This may need revisiting... maybe each file update would start a new dataset with a new rngseed?- Xhits (N,)
- Xaddresses (nangles,)
- Xnedges (nangles,)
- Ximg (nangles,128)
- Ypdf (nangles,128)
- words (developmental)
- attrs
- sasecenters = [list of sase spike energies]
- sasephases = [list of sase spike times(sinogram phases)]
- saseamps = [list of sase spike amplitudes]
- nangles = 128
- nenergies = 512
- drawscale = 8
- darkscale = 0.001
- secondaryscale = 0.01
- Test = bool
- Train = bool
- image
- image
In order to make the output more managable, there is a script
/src/collect_images -mike True -ifnames <list of .h5 filenames to process into individual Train and Test .h5 files>
The output should be two files per input filename, using the front of the filename from the list and segregating the Train and Test into consistently named seperate files.
In each file, there will be a pair of datasets, one for Ytrain,Xtrain and Ytest,Xtest respectively for train and test files.
Please keep in mind, these output files are written into the same directory as the source data, just with the added 'Train.h5' or 'Test.h5' extensions.
Mike, this -mike True
makes the output have the shape that you wanted, e.g. (Nimages,nangles,nenergies). Hopefully this is right for you (e.g. old Naoufal geometry).

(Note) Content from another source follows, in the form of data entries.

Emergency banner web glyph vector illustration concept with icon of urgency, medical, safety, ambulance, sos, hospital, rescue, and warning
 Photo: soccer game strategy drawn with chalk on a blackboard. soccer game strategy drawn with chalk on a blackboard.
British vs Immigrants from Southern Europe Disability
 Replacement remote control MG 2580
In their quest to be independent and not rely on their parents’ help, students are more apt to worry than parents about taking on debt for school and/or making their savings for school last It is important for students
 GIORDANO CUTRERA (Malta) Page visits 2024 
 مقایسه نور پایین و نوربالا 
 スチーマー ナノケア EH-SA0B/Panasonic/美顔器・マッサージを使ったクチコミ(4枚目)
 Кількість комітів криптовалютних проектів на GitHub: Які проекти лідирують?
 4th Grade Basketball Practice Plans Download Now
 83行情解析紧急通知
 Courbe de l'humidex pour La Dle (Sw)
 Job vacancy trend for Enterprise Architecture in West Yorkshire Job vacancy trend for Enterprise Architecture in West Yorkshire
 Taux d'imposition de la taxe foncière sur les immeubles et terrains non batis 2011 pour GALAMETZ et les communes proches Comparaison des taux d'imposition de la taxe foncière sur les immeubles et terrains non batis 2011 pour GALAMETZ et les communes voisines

What this means in practice is that when running collect_images.py, one must supply the narrow-ish glob of input filenames, .e.g,
./src/run_simulation.py -ofname ~/data/CookieSimSlim_data/runfew.h5 -n_threads 4 -n_angles 32 -n_energies 128 -n_images 100 -drawscale 0.2
./src/collect_images.py -mike True -ifnames ~/data/CookieSimSlim_data/runfew.[01][0-9].h5
Also note in example, using only 32 angles rather than square 128x128 images.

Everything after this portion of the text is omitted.